O2O戦略で注目、アプリで来店促進できるiBeacon(アイビーコン)のメリット

O2Oマーケティング戦略に欠かせない施策と言えば、店舗への来店促進。そこで今注目されているのが、スマートフォンアプリにiBeacon機能を組み込む取り組みだ。

iBeacon機能を使うと、ユーザーが店舗に近づいたときにアプリが自動検知。このタイミングにあわせてプッシュ通知を送ることができる。それにより、新たなユーザーを店舗に呼び込んだり、既存顧客の再来店を促したりという効果が期待できる。

とはいえ「iBeaconの仕組みがよくわからない」「アプリの開発が難しそう」というイメージを持つ方も多いかもしれない。そこでiBeaconの基本的な仕組みやメリット、iBeacon機能を搭載したアプリの開発方法を紹介しよう。

iBeacon機能を搭載したアプリのメリットとは?

iBeaconを使ったマーケティングとして、広く使われているのが来店者限定クーポン。ユーザーが店舗に近づくと自動的にクーポンをプッシュ通知で送るというものだ。来店者限定のため店舗へ足を運ぶきっかけになり、来店促進につながりやすい。

iBeaconはアプリが起動していない状態でもOKという点がポイントだ(もちろん、ユーザーがアプリを事前にインストールしておく必要はある)。ユーザーが能動的に操作する必要がなく、店舗に近づくだけで通知できるのは大きなメリットだろう。

またiBeacon機能は屋内で利用でき、位置情報が正確という点もメリットと言える。例えばイベント会場でエリアごとに異なるiBeaconを用意して、各エリアで異なるプッシュ通知を送ることもできる。

iBeaconの仕組みとは?

iBeaconでは、Bluetoothの一種である「Bluetooth Low Energy」(BLE)という無線通信技術を利用している。具体的には下記のようなかたちで機能する。

1.店舗や会場にBLEを発信するiBeacon端末を設置する

2.ユーザーにiBeacon機能搭載アプリを自分のスマートフォンへインストールしてもらう

3.ユーザーがスマートフォンを持って店舗に近づくと、アプリが反応

アプリ単体ではなく、店舗など会場に置く端末とセットで機能するという点を知っておきたい。またiBeaconはBluetooth技術を使っているため、スマートフォン側でBluetooth機能がONになっている必要がある。ここはあらかじめユーザーにアナウンスしておかなければならない点だ。

iBeaconとGPSの違いとは

スマートフォンの位置情報と言えば、GPSを思い浮かべる方も多いだろう。基本的にGPSは衛星を使って位置を特定するため、カバーできる範囲が広く屋外での利用がメインとなる。またGPSでは、おおまかな位置情報を把握するときに使われる。

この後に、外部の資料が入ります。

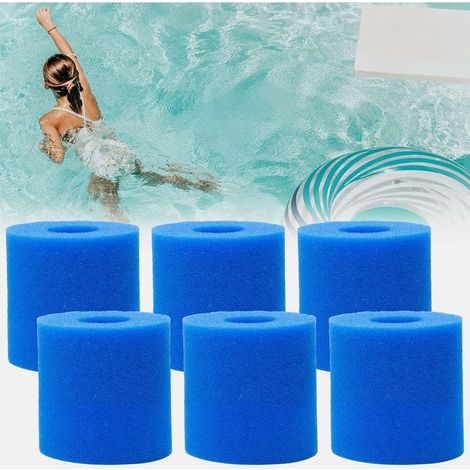 Cartouche filtrante en éponge pour filtre Intex type H, lavable et réutilisable. Lot de 6 éponges adaptées aux piscines. (1/4)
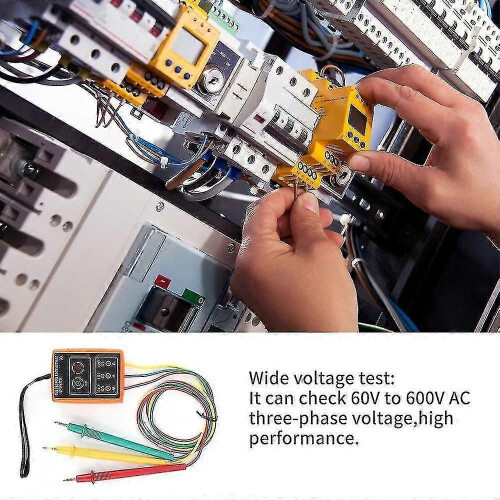 (1269)Sm852b 3 Phase Rotation Tester Digital Phase Indicator Detector Led Buzzer Phase Sequence Meter 1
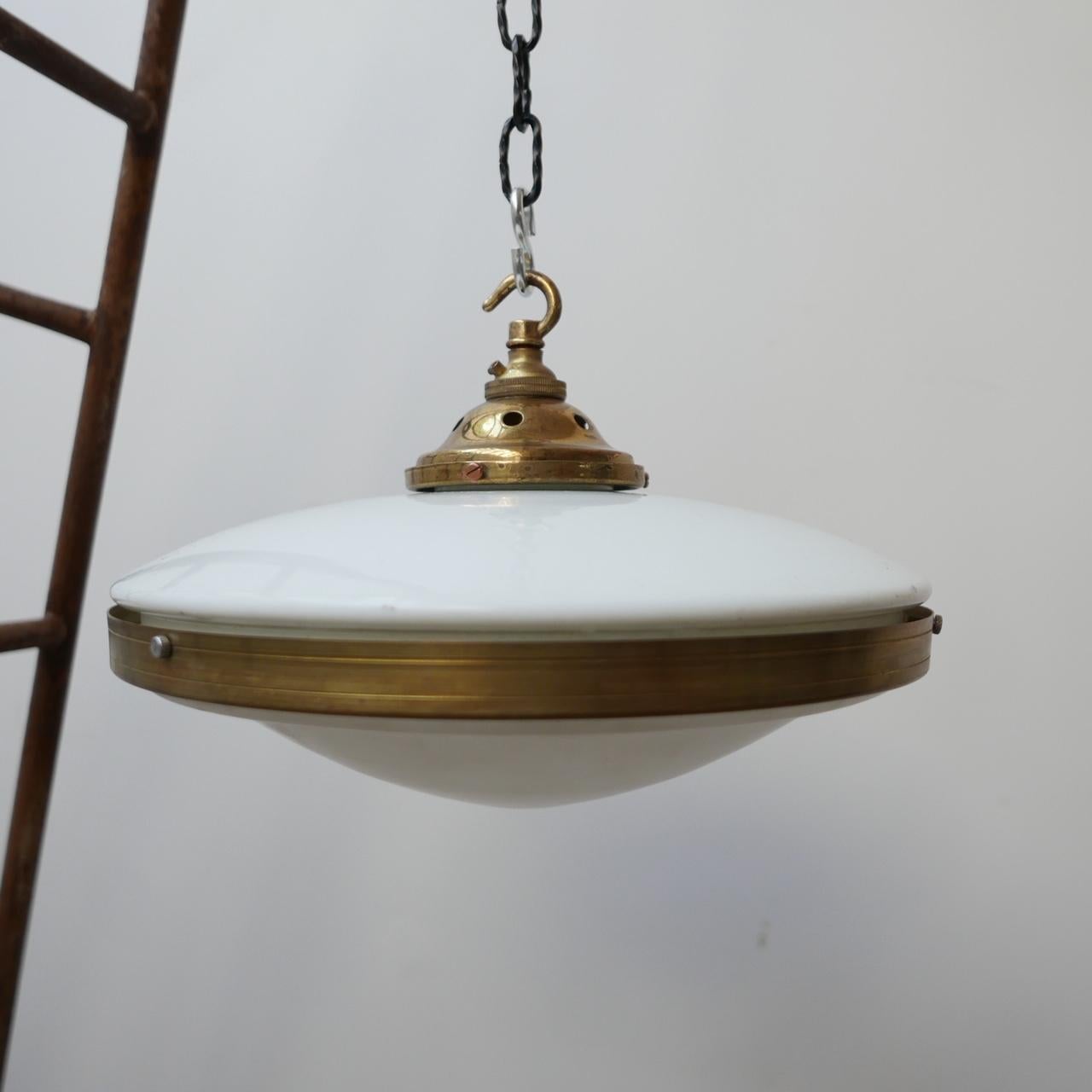 Brass Two Tone German Opaline and Etched Glass Pendant Light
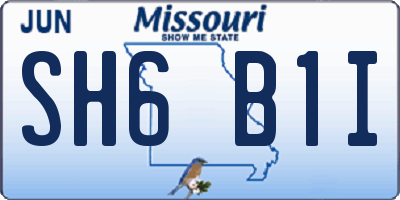 MO license plate SH6B1I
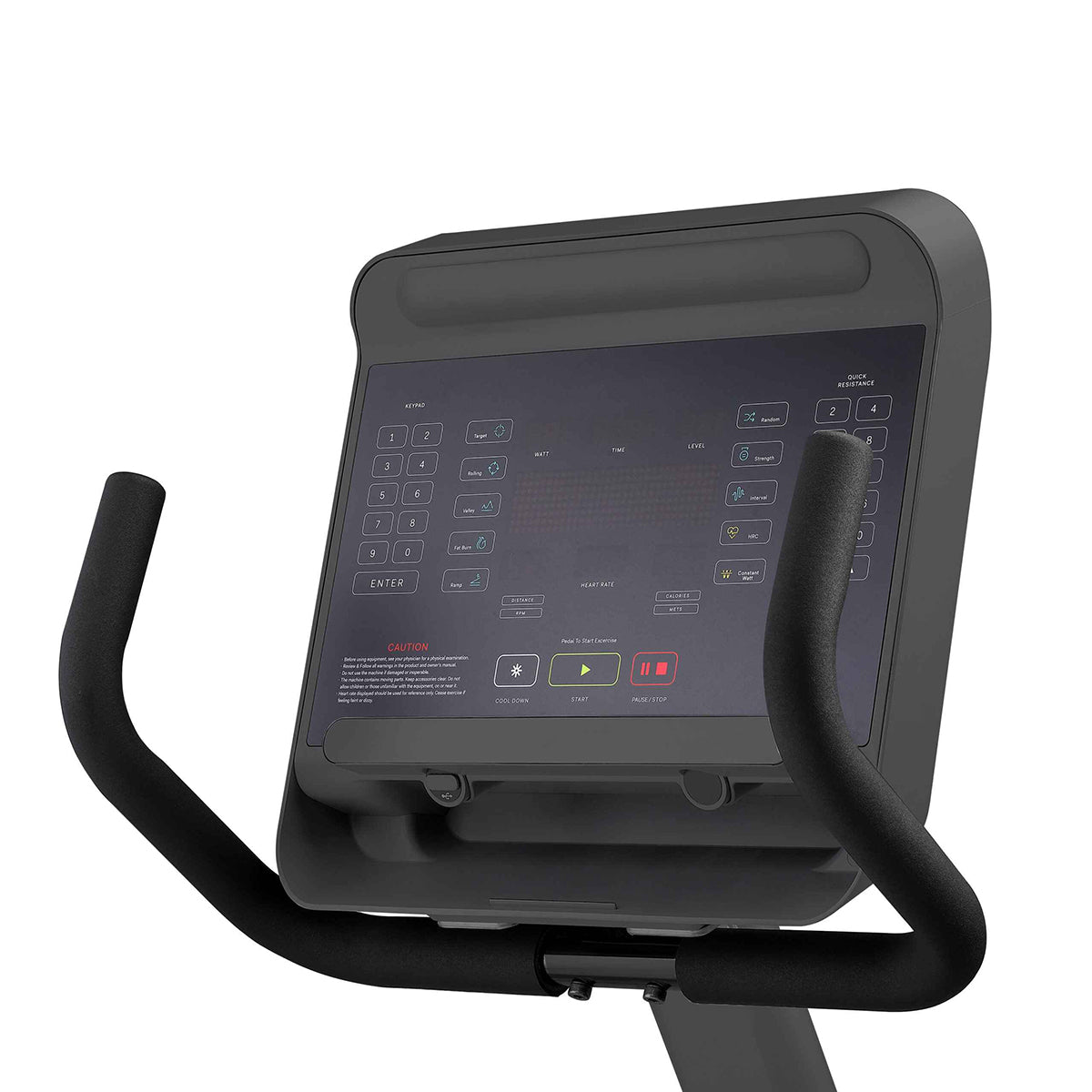 Gym Gear R97 Recumbent Bike GG-RB-002 in black. Close up of the touch control monitor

一方iBeaconは無線を使っているため、カバーできる範囲は狭いが屋内でも使えるという違いがある。iBeaconでは端末とスマートフォンが数センチまで近づいたらアプリを起動するといった使い方もできる。

最近ではこうした違いを踏まえて、GPSを使ったプッシュ通知(ジオプッシュ)と、iBeaconを使ったプッシュ通知を組み合わせて使うケースも出てきている。

iBeaconの普及率と今後の可能性

気になるのが、iBeaconの普及率。インドの調査会社Graphical Researchの調査によると、アジアパシフィック地域におけるiBeaconも含んだBeacon関連の市場は、2017年から2024年まで毎年2倍増を続け、90億USドルに達すると予測されている。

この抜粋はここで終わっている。